Qualche dato in più si può ricavare dal testo Fondamenti di prevenzione sugli incidenti domestici, pubblicato dalla Regione Toscana che, a pag. 101, propone un grafico che dimostra che anziani, bambini e disabili sono coinvolte nel 40% dei decessi che si verificano nelle abitazioni a seguito d’incendio (dati 2006). O il dato proposto dall’indagine Aism sul terremoto emiliano del 2012, da cui si evince il numero delle persone soccorse: 400 anziani nelle strutture protette, mille persone non autosufficienti, 3 mila assistiti a domicilio.
Abbiamo chiesto a Stefano Zanut, architetto, vice dirigente del Corpo Nazionale Vigili del Fuoco presso il Comando provinciale di Pordenone, cosa prevede la legge: «La parola chiave è “piano di emergenza”, uno strumento predisposto proprio per fronteggiare eventi di questo tipo, con l’obiettivo di ridurne le conseguenze». È solo con il decreto legislativo 626/94, (poi evolutosi nel decreto legislativo 81/08), che il piano di emergenza diventa un elemento strategico nel contesto della sicurezza degli ambienti di vita e di lavoro. Nel decreto ministeriale 10/3/1998 per la prima volta viene posto in modo esplicito la necessità di considerare “l’assistenza alle persone disabili in caso di incendio. Qualora siano presenti lavoratori disabili, il piano di emergenza deve essere predisposto tenendo conto delle loro invalidità. Al riguardo occorre anche tenere presente le persone anziane, le donne in stato di gravidanza, le persone con arti fratturati ed i bambini”.

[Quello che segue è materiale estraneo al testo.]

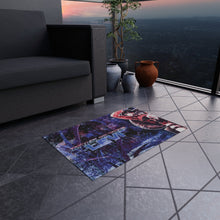 Load image into Gallery viewer, Anime Attack On Titan Rug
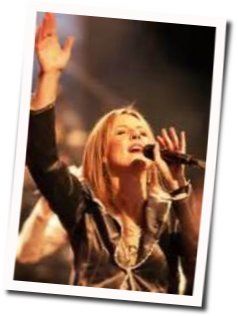 Your Name Revealing Jesus Chords by Darlene Zschech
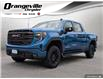 2022 GMC Sierra 1500 AT4X (Stk: 251192A) in Huntsville - Image 1 of 30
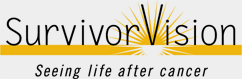 Survivor Vision Logo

«Troppo spesso però anche le persone non sono preparate – prosegue Zanut (dispensa dei vigili del fuoco). A volte può bastare chiedere alla persona con disabilità interessata come si fa, anche perché sarà poi lei a essere coinvolta nell'azione della persona incaricata di aiutarla». Si parla quindi di cultura della sicurezza: «Nel soccorso s’impone una dialettica tra la persona da aiutare e soccorritore: il risultato si ottiene se entrambi sanno cosa fare. Allora sorge il tema di come le persone, tutte le persone e non solo i disabili – commenta Zanut – possono essere protagoniste della propria sicurezza».
Si apre quindi un fronte che dovrebbe veder coinvolte le persone, le loro famiglie e le loro associazioni. «Questo è un aspetto importante ancora sottovalutato – prosegue Zanut -. Certamente ci sono disabilità che concedono poca autonomia e per questo hanno bisogno di un particolare livello di assistenza, ma altre che invece possono dare il proprio contributo attivo in emergenza. Anche cinema, scuole, supermercati o altri ambienti devono prevedere un piano di emergenza che consideri le persone presenti e le loro necessità.
Quando poi la circostanza non risulta facilmente gestibile con le risorse a disposizione è necessario chiamare 115 e 118, quindi Vigili del Fuoco e Soccorso Sanitario. «Il soccorso tecnico lo svolgono i vigili del fuoco che sono anche formati sulle tecniche più idonee sia nell'assistenza alle persone con specifiche necessità, sia nell'utilizzo degli eventuali presidi ambientali presenti».
Ecco le nuove frontiere di sicurezza e soccorso che a Pordenone vedono coinvolti i vigili del fuoco: a settembre gli incontri con le persone con sindrome di Down della “Casa al sole”, per garantire loro autonomia con maggior sicurezza, mentre continua la collaborazione con la “Fondazione bambini e autismo” sui temi della relazione con le persone con autismo nei casi di emergenza iniziata con l’iniziativa “Ti aiuto a soccorrermi”.